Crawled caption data
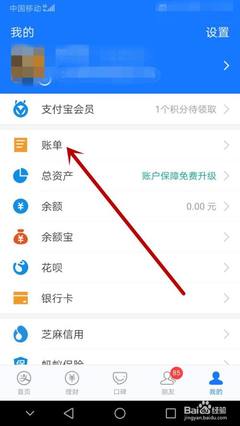 支付宝怎么查卡里的余额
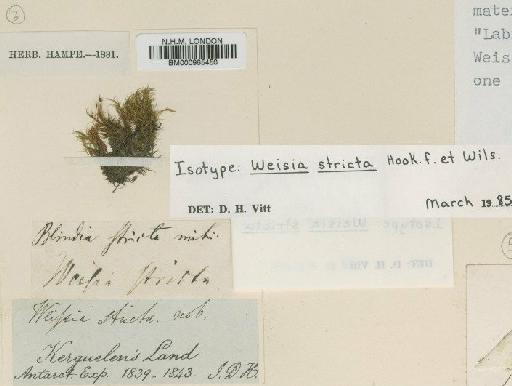 Blindia stricta (Hook.f. & Wilson) Müll.Hal. - BM000965450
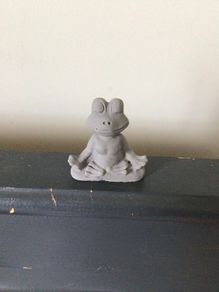 frogs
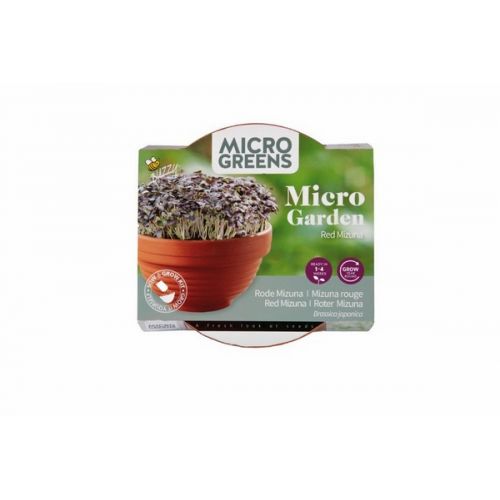 Buzzy® Microgreens Terra Schaaltje Rode Mizuna - afbeelding 2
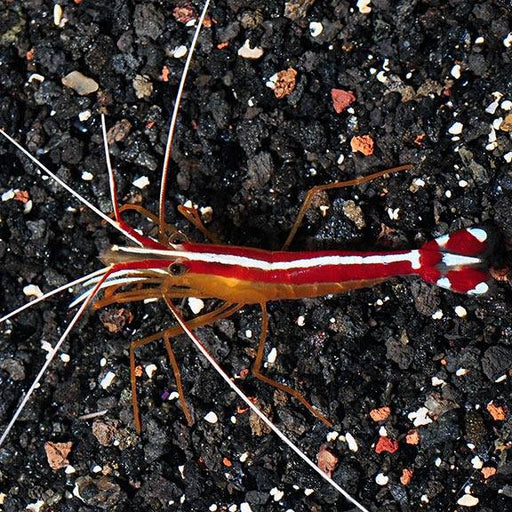 Pacific Cleaner Shrimp (Lysmata Amboinensis) - Reef Exclusive MA LLC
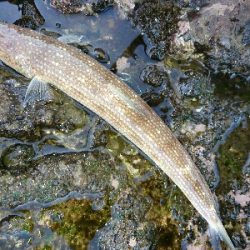 ヒラメ新記録の65㎝ゲット！！最高です！！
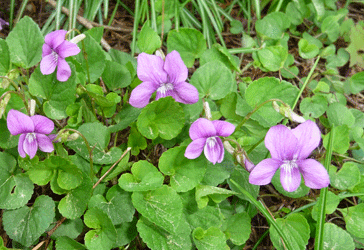 violets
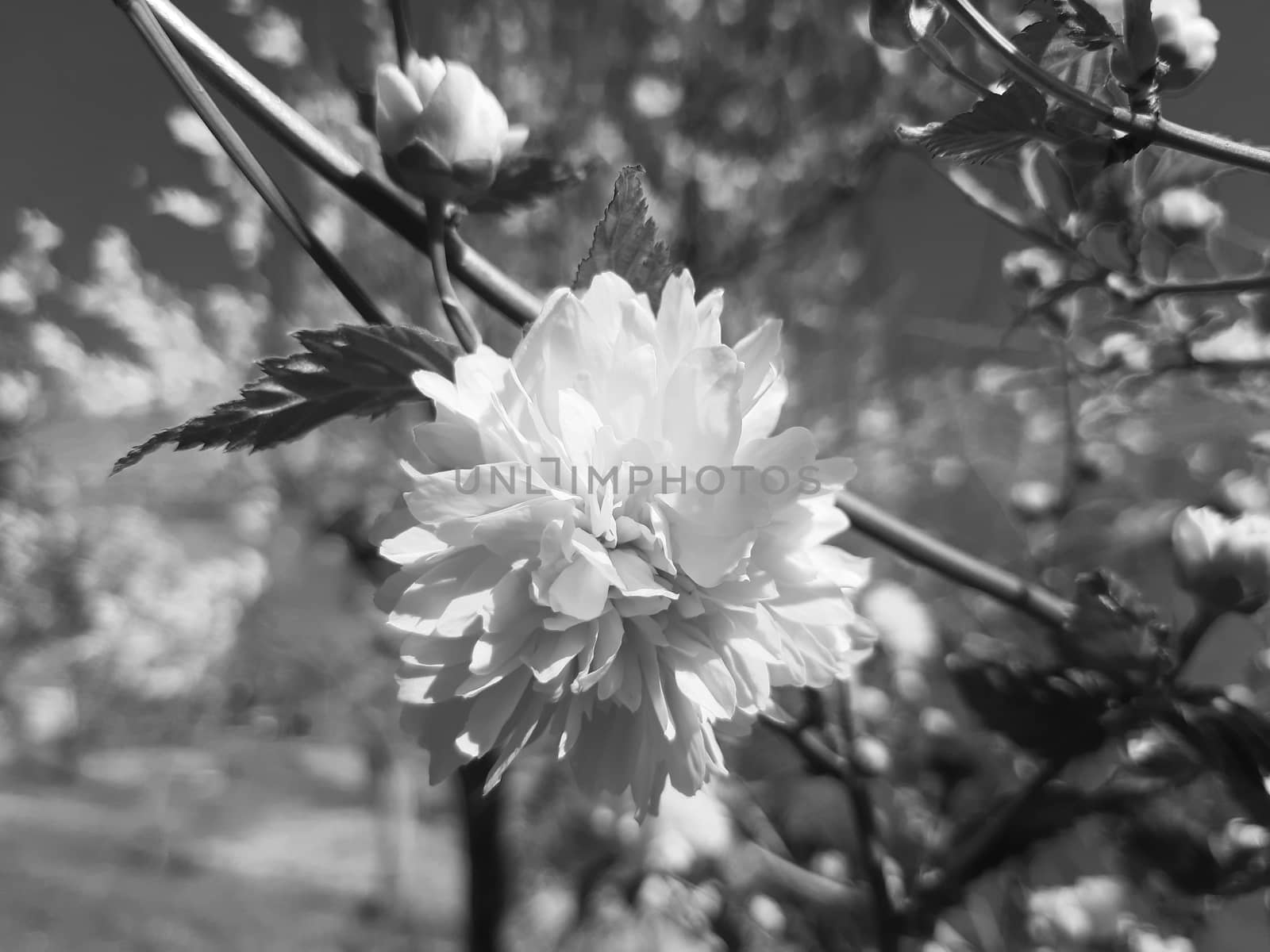 Genova, Italy - 06/22/2020: Beautiful floral spring abstract background of nature. Branches of blossoming apricot macro with soft focus on gentle light blue sky background.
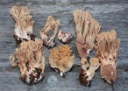 : Ramaria bataillei.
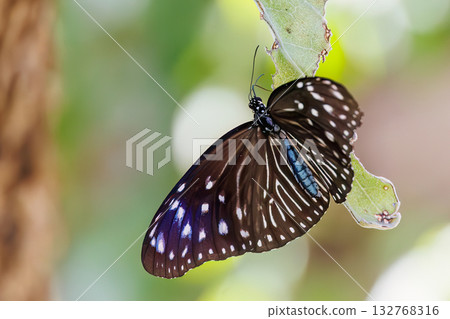 旅館花園裡的一隻妻紫斑蝴蝶。沖繩縣島尻郡慶良間群島座間味島座間味港 - 2025 旅館花園裡的一隻妻紫斑蝴蝶。沖繩縣島尻郡慶良間群島座間味島座間味港 - 2025 132768316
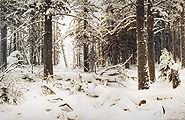 Кликните для увеличения Шишкин И. И. Зима 1890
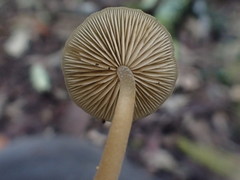 Simocybe phlebophora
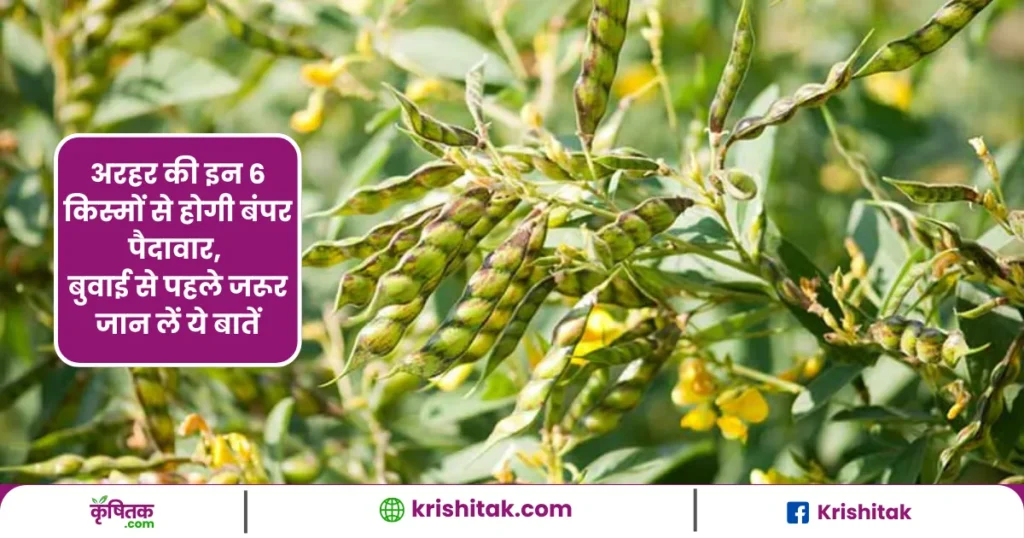 Pigeon Pea Farming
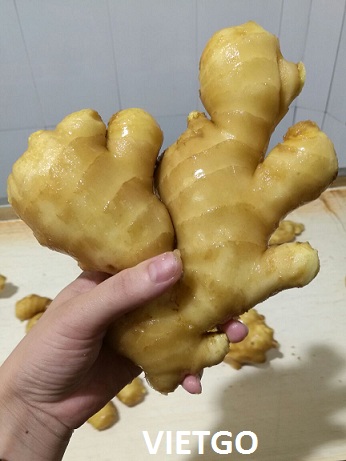 gừng việt nam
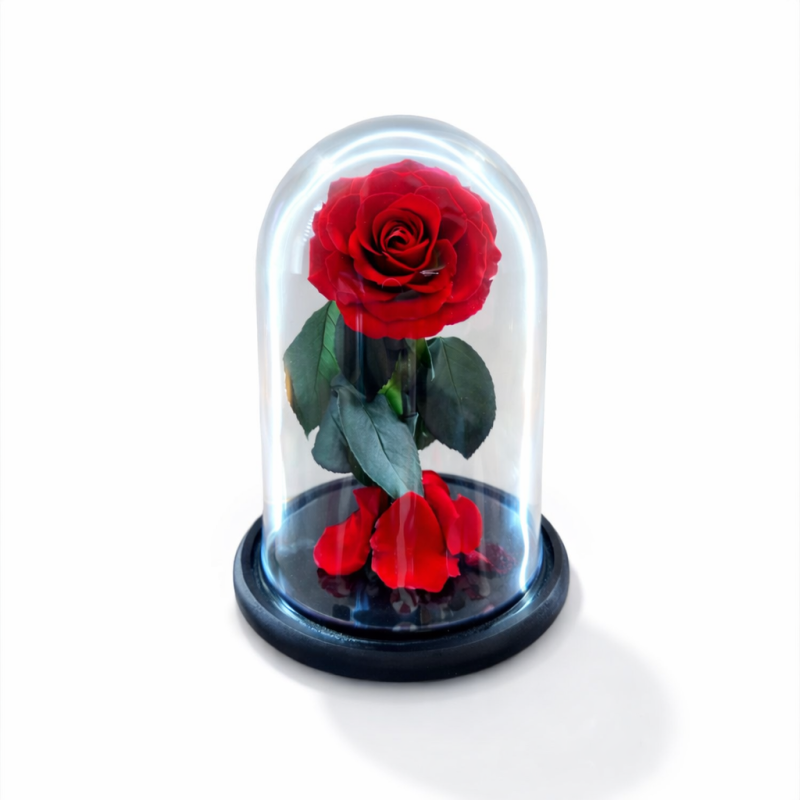 Belle 01 - Campana con rose su stelo color rosso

- _Exercise details_:
Reproduce exactly the lines that run from the line holding "Pacific Cleaner Shrimp" through the final line of the entries, and omit every picture.

- _Your solution_:
 Pacific Cleaner Shrimp (Lysmata Amboinensis) - Reef Exclusive MA LLC
 ヒラメ新記録の65㎝ゲット！！最高です！！
 violets
 Genova, Italy - 06/22/2020: Beautiful floral spring abstract background of nature. Branches of blossoming apricot macro with soft focus on gentle light blue sky background.
 : Ramaria bataillei.
 旅館花園裡的一隻妻紫斑蝴蝶。沖繩縣島尻郡慶良間群島座間味島座間味港 - 2025 旅館花園裡的一隻妻紫斑蝴蝶。沖繩縣島尻郡慶良間群島座間味島座間味港 - 2025 132768316
 Кликните для увеличения Шишкин И. И. Зима 1890
 Simocybe phlebophora
 Pigeon Pea Farming
 gừng việt nam
 Belle 01 - Campana con rose su stelo color rosso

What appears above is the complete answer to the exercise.